**Work to be completed:**
Please output the data exactly, minus pictures.

**Information provided:**
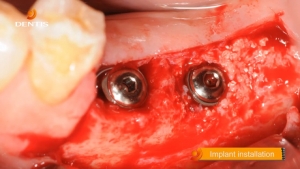 Posterior Mandibula Case (#36, #37 OneQ-SL Implant) 관련사진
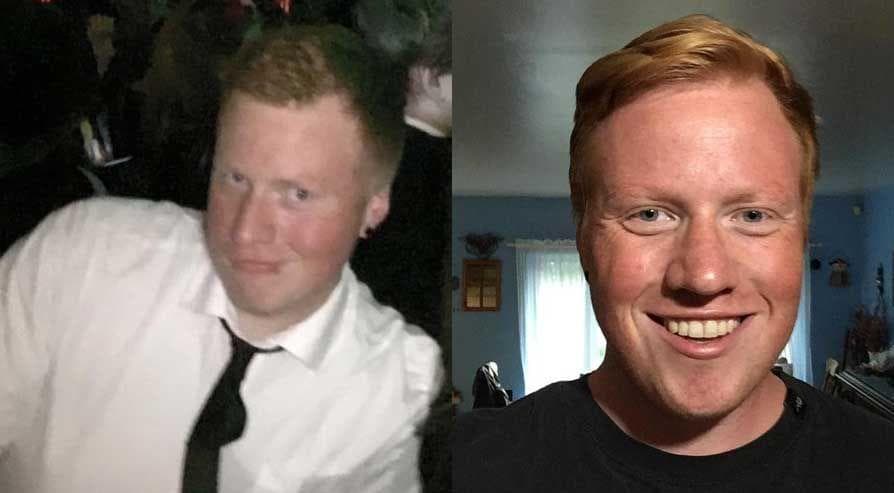 People Share Their BeforeAndAfter Photos Of Quitting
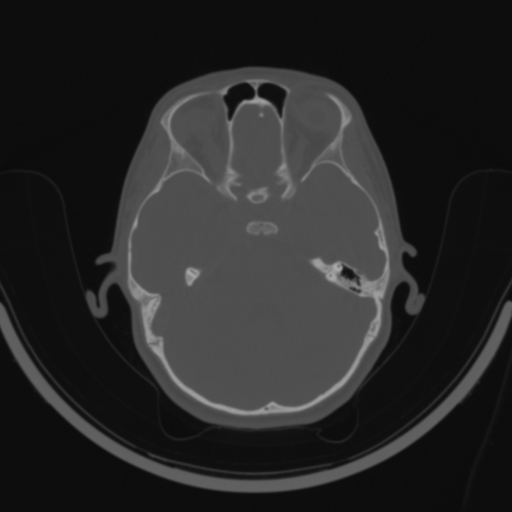 Bilateral otosclerosis (Radiopaedia 57237-64157 C 63).jpg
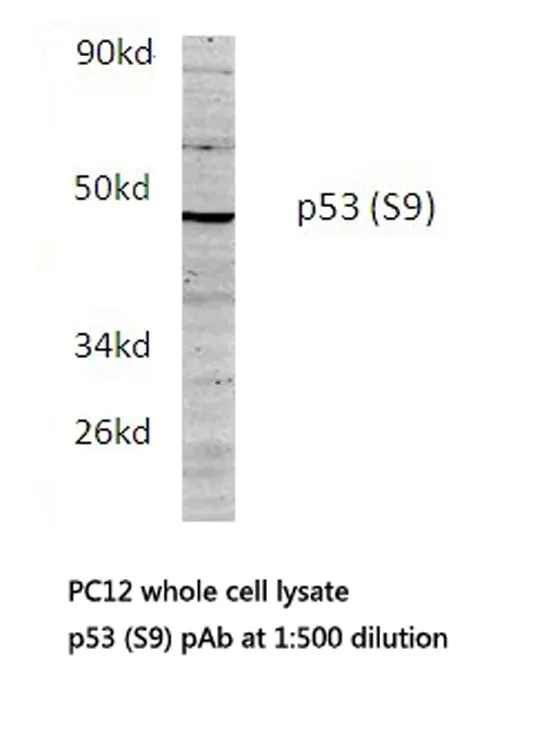 p53 (TP53) Rabbit Polyclonal Antibody - image 1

**Output for this task:**
 Posterior Mandibula Case (#36, #37 OneQ-SL Implant) 관련사진
 People Share Their BeforeAndAfter Photos Of Quitting
 Bilateral otosclerosis (Radiopaedia 57237-64157 C 63).jpg
 p53 (TP53) Rabbit Polyclonal Antibody - image 1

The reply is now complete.